─── MATERIALS PROVIDED

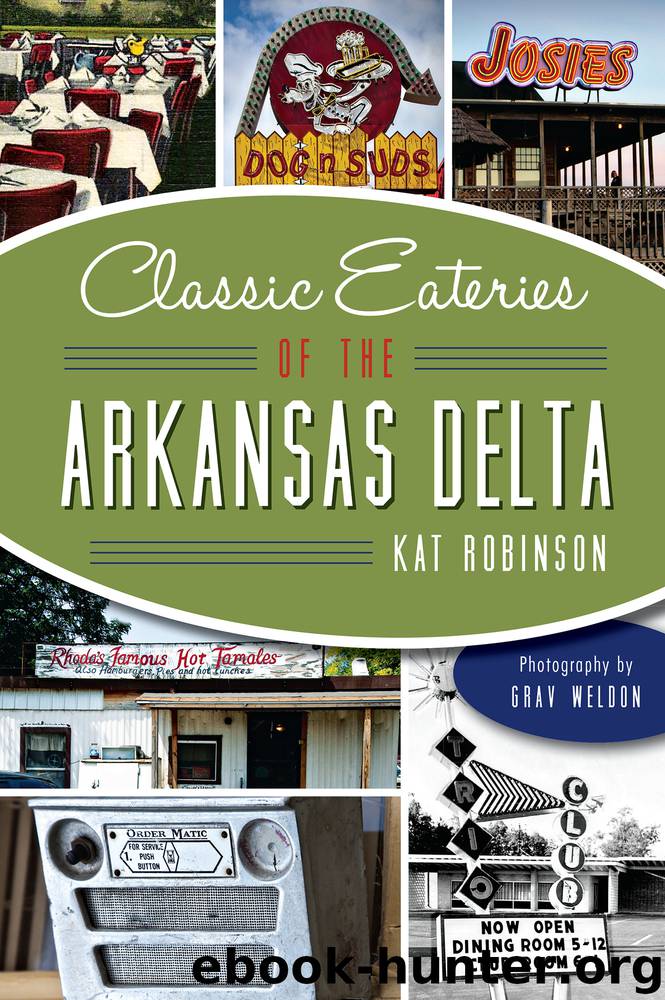 Classic Eateries of the Arkansas Delta by Kat Robinson Grav Weldon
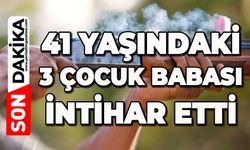 3 çocuk babası canına kıydı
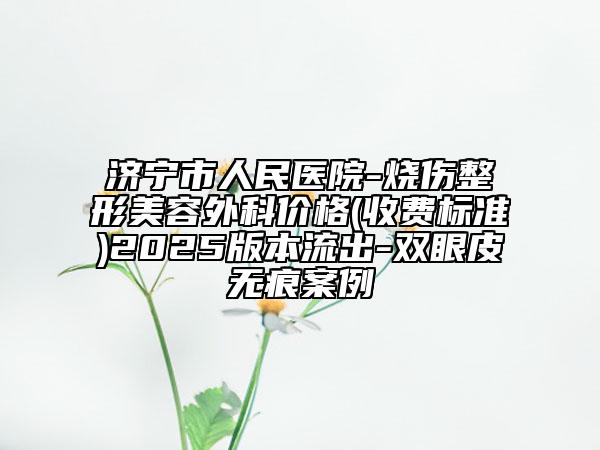 济宁市人民医院-烧伤整形美容外科价格(收费标准)2025版本流出-双眼皮无痕案例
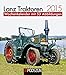Lanz Traktoren 2015: Wochenkalender mit 53 Abbildungen by 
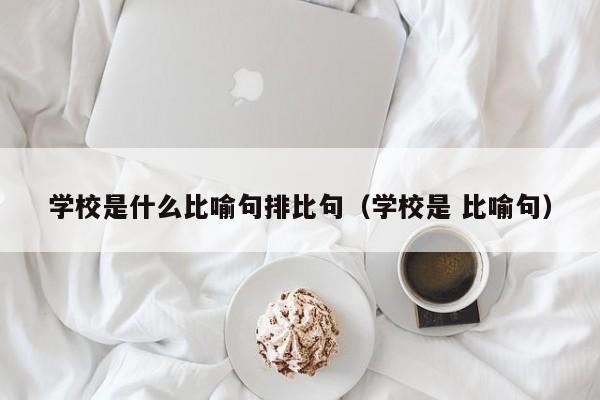 学校是什么比喻句排比句（学校是 比喻句）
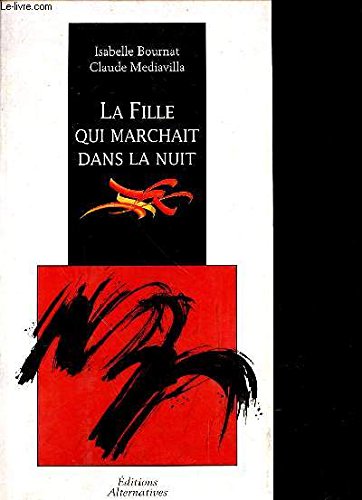 La fille qui marchait dans la nuit book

──────

### YOUR OBJECTIVE
Produce an exact reprint of the entries, dropping the images.

### RESULT FOR THIS EXERCISE
 Classic Eateries of the Arkansas Delta by Kat Robinson Grav Weldon
 3 çocuk babası canına kıydı
 济宁市人民医院-烧伤整形美容外科价格(收费标准)2025版本流出-双眼皮无痕案例
Lanz Traktoren 2015: Wochenkalender mit 53 Abbildungen by 
 学校是什么比喻句排比句（学校是 比喻句）
 La fille qui marchait dans la nuit book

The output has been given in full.